* Recorded information:
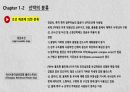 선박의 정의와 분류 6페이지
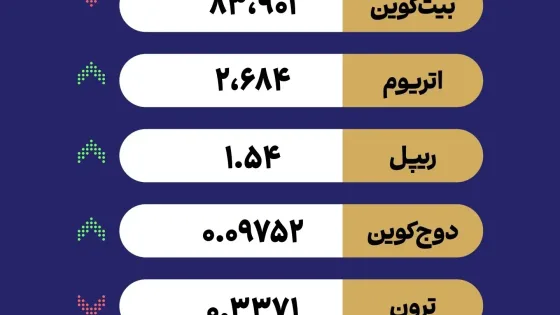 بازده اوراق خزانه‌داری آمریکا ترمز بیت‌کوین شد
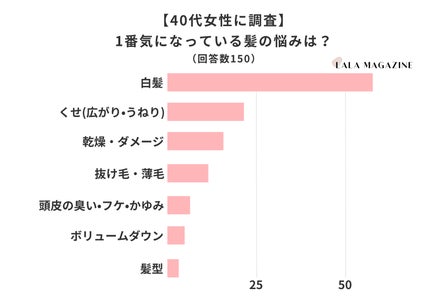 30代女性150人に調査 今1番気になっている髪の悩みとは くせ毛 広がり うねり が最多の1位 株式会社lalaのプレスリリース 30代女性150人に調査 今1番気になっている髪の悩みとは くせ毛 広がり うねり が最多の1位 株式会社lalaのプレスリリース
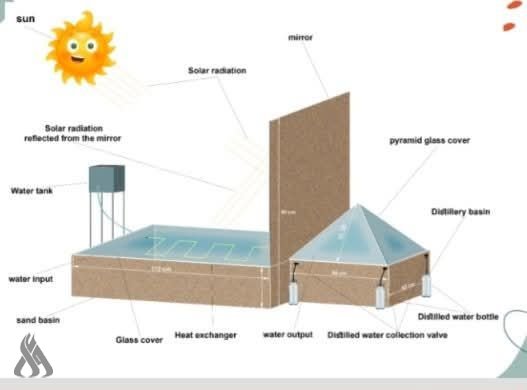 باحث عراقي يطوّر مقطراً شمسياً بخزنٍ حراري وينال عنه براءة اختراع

* What is expected: Restate the data exactly, though only from the line that contains "بازده اوراق خزانه‌داری" through its last line, both ends included and with the pictures left out.

* Exercise answer:
 بازده اوراق خزانه‌داری آمریکا ترمز بیت‌کوین شد
 30代女性150人に調査 今1番気になっている髪の悩みとは くせ毛 広がり うねり が最多の1位 株式会社lalaのプレスリリース 30代女性150人に調査 今1番気になっている髪の悩みとは くせ毛 広がり うねり が最多の1位 株式会社lalaのプレスリリース
 باحث عراقي يطوّر مقطراً شمسياً بخزنٍ حراري وينال عنه براءة اختراع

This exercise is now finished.